Le député Oliver Véran « tombé sur le magazine par hasard » a été indigné par son contenu anti-science en découvrant un article intitulé « Vaccins obligatoires : les 5 fake news du Conseils d’État » et un autre prétendant que le brocoli aurait des « propriétés anti-tumorales ».

Biocontact est coutumier du fait puisque dès sa création, il y a 30 ans, le magazine aurait affirmé que le vaccin contre la polio pouvait être à l’origine du sida. Il s’est donné pour vocation « d’informer sur toutes les alternatives dédiées au mieux-être ». Ce sont principalement des naturopathes et divers pseudo thérapeutes qui rédigent les articles. Fondé par Jean-Pierre Camo, propriétaire d’un magasin bio dans les années 1980, ce journal gratuit ne vit que de ses nombreuses publicités et annonces et a généré un chiffre d’affaire entre 1,4 et 1,6 million d’euros entre 2010 et 2013 pour un bénéfice compris entre 106 000 et 254 000 euros. Les publicités ciblées, lui permettent « de diffuser les thèmes qui lui sont chers auprès d’un public plus large, bien au-delà d’un lectorat convaincu ». Et sa diffusion dans de nombreuses enseignes bio, comme Bioccop ou La Vie claire, est une aubaine pour toucher un public de plus en plus nombreux en recherche de bien-être et de produits naturels.

Selon Emily Destailler, médecin dans le Nord, « le public de ces enseignes est attiré logiquement par toutes les méthodes naturelles, parfois à l’extrême », persuadé que la médecine douce est plus efficace que la médecine conventionnelle. Thibault Ducarn, salarié de Robin des Bois, association gérant une épicerie bio, refusait de le diffuser car l’éthique du journal. Mais ce qui l’a définitivement dissuadé de le faire est le contenu douteux des articles, comme celui publié sur le respirianisme.

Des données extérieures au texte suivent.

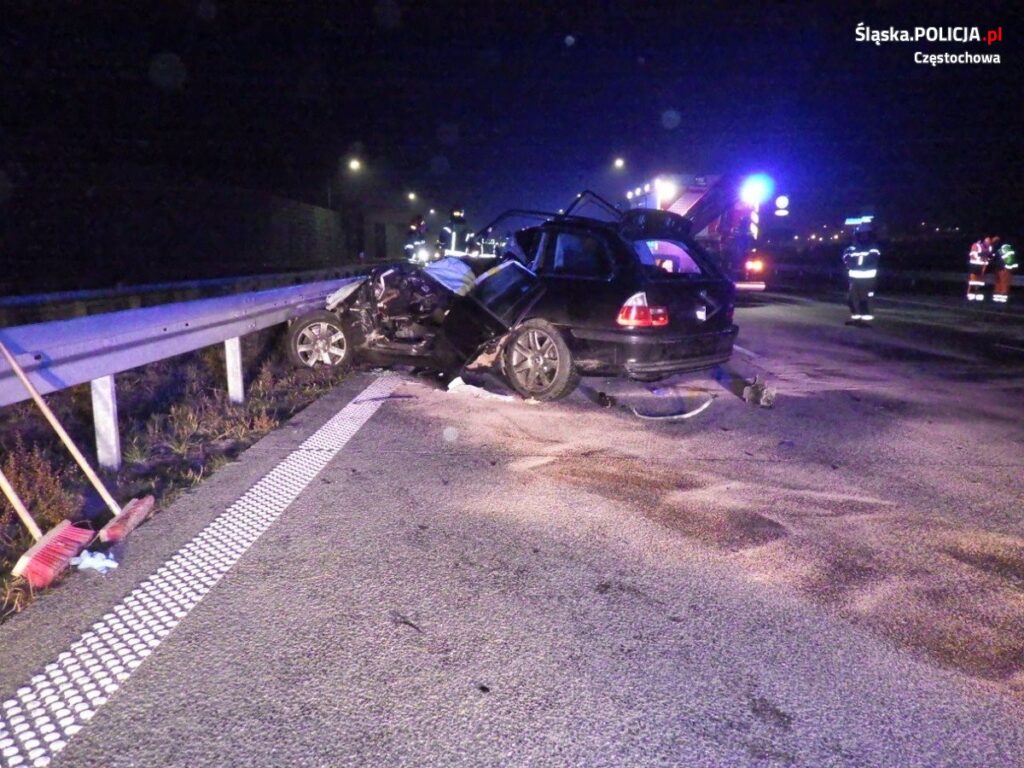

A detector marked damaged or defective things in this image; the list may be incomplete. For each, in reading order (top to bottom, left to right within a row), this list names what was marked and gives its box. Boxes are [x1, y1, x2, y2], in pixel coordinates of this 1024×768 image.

damaged black car [286, 191, 737, 403]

Paule Latino-Martel, coordinatrice du réseau National Alimentation Cancer Recherche (NACRe) prévient du danger que le journal fait courir aux malades du cancer qui pourraient suivre les recommandations alimentaires anti-cancer diffusées dans ses colonnes.

Interrogés par les journalistes de LCI, les propriétaires de magasins bio ont des avis divergents. Si certains assument pleinement, et assurent que leur clientèle l’attend chaque mois, d’autre comme les Nouveaux Robinson ou La Vie Claire ont demandé à leurs franchisés de le retirer de leurs rayons, chacun ayant le choix de le faire ou non.

Quant à la BioCoop, si elle diffuse son propre magazine, « Culture bio », elle laisse le choix à chacun des magasins de laisser ou deretirer Biocontact.